EXERCISE DIRECTIONS:
Go through the records and transcribe them exactly, passing over any picture.

###

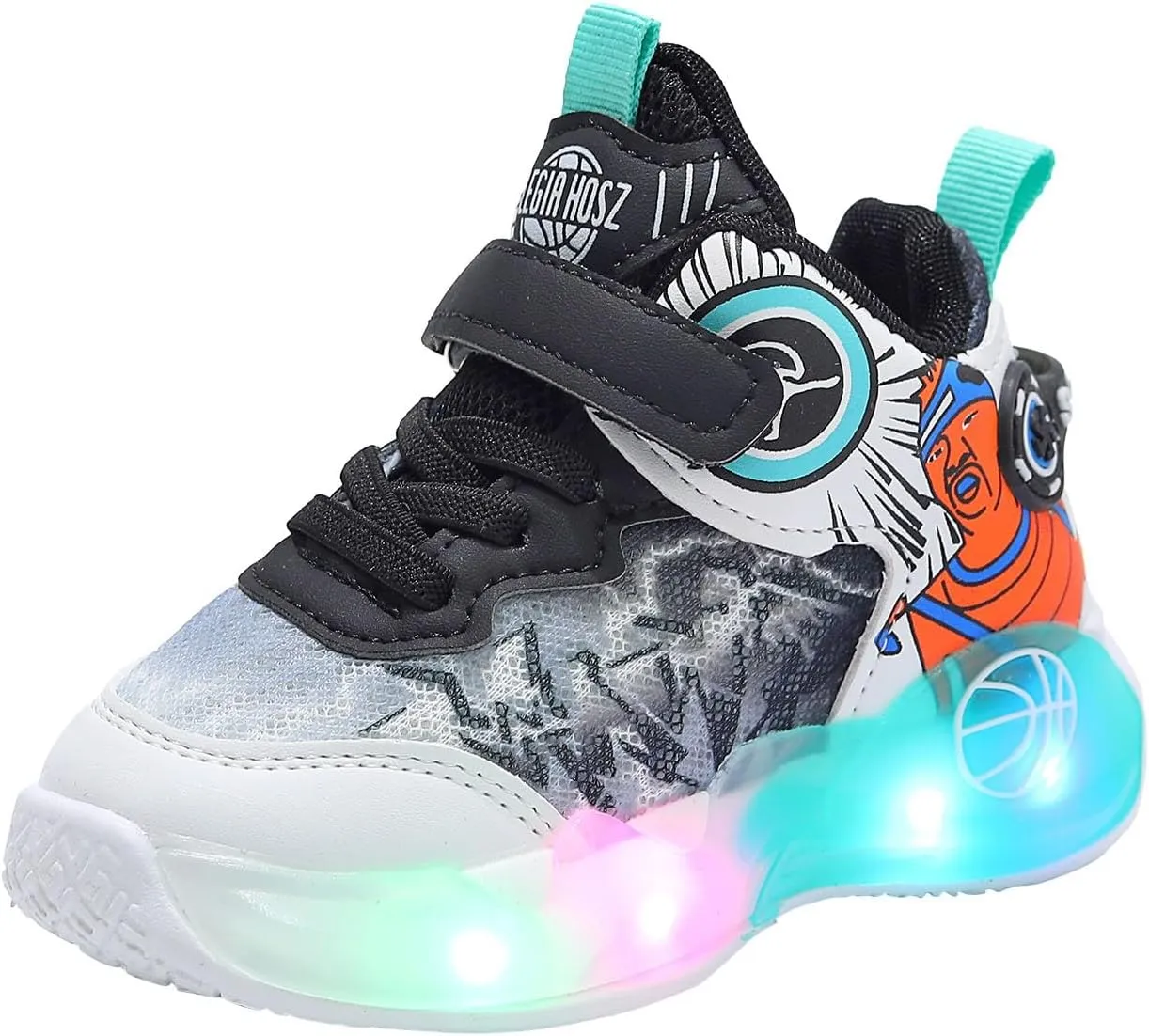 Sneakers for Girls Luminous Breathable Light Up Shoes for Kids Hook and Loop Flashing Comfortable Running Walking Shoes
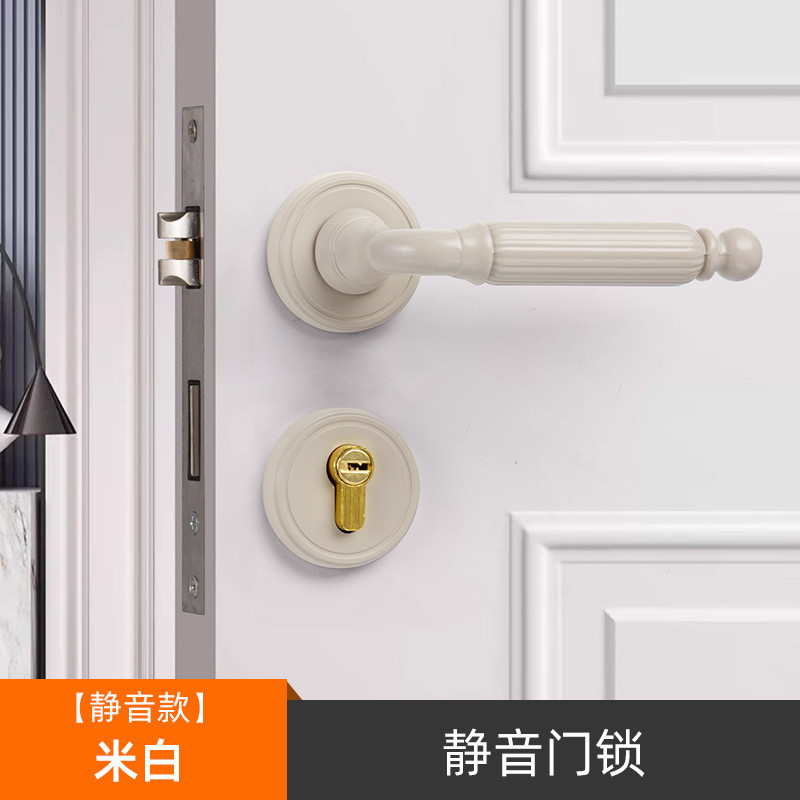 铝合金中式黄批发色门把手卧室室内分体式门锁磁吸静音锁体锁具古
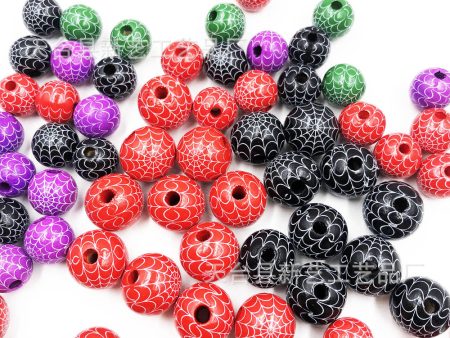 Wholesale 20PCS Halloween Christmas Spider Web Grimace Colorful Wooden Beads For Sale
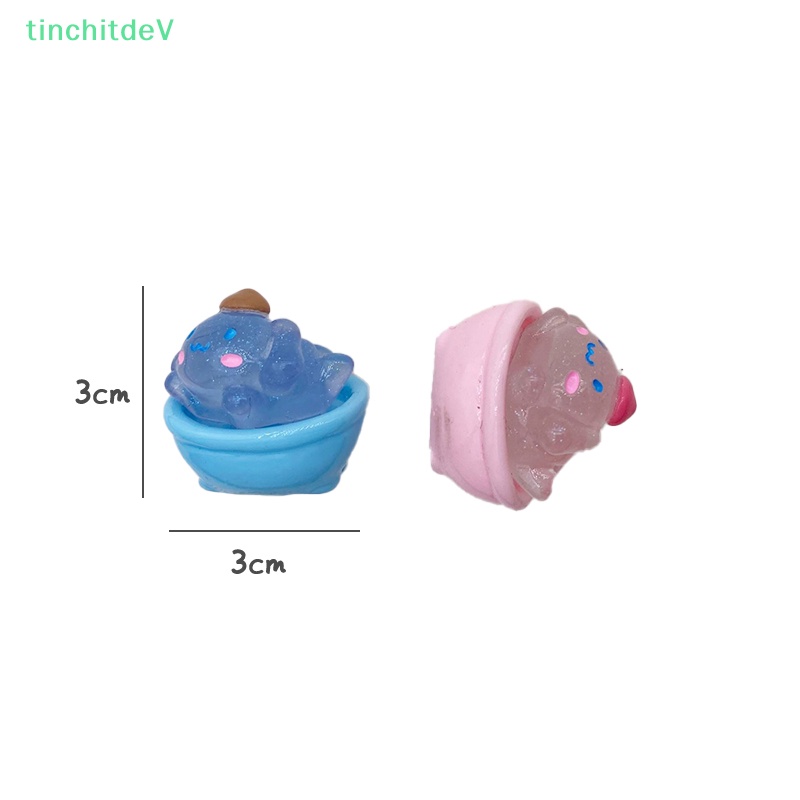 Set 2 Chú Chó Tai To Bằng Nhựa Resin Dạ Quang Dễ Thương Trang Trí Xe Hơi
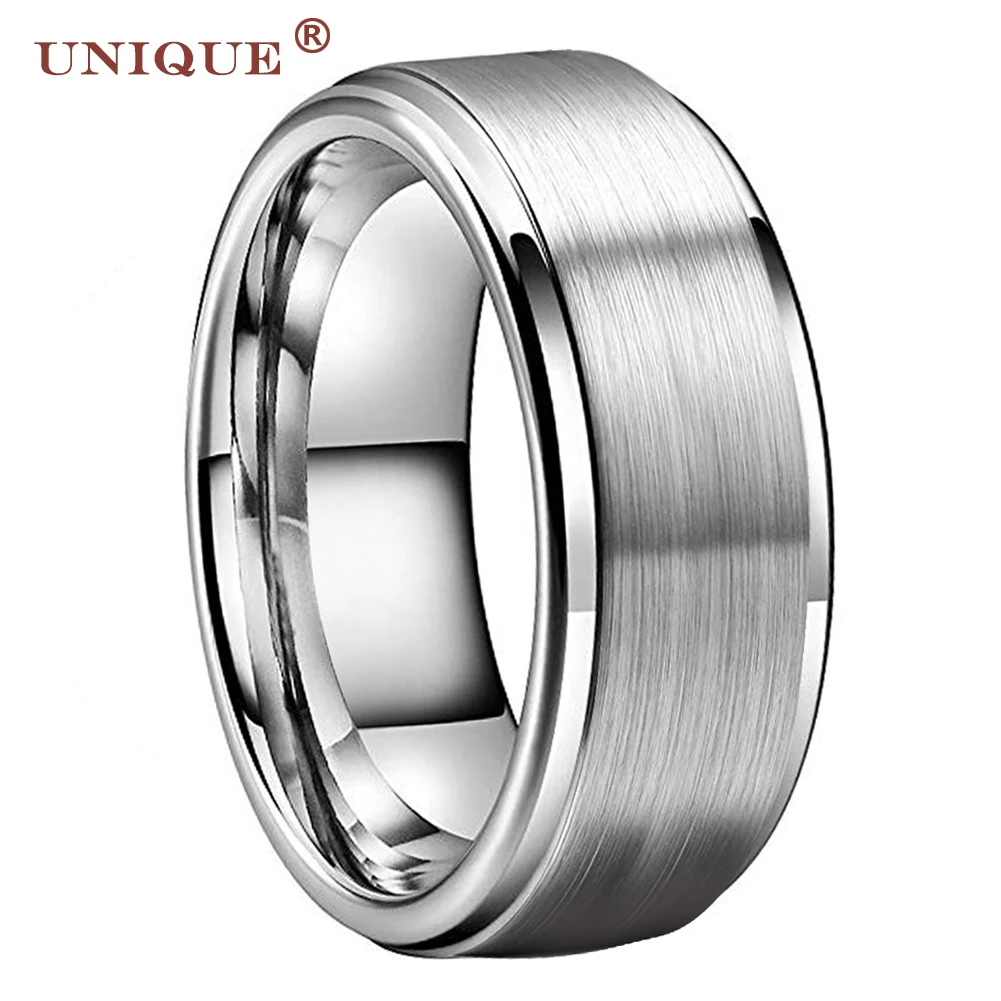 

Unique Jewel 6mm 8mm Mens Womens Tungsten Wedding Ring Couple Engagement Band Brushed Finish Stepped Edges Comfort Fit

###

RESULT OF THE TASK:
 Sneakers for Girls Luminous Breathable Light Up Shoes for Kids Hook and Loop Flashing Comfortable Running Walking Shoes
 铝合金中式黄批发色门把手卧室室内分体式门锁磁吸静音锁体锁具古
 Wholesale 20PCS Halloween Christmas Spider Web Grimace Colorful Wooden Beads For Sale
 Set 2 Chú Chó Tai To Bằng Nhựa Resin Dạ Quang Dễ Thương Trang Trí Xe Hơi

Unique Jewel 6mm 8mm Mens Womens Tungsten Wedding Ring Couple Engagement Band Brushed Finish Stepped Edges Comfort Fit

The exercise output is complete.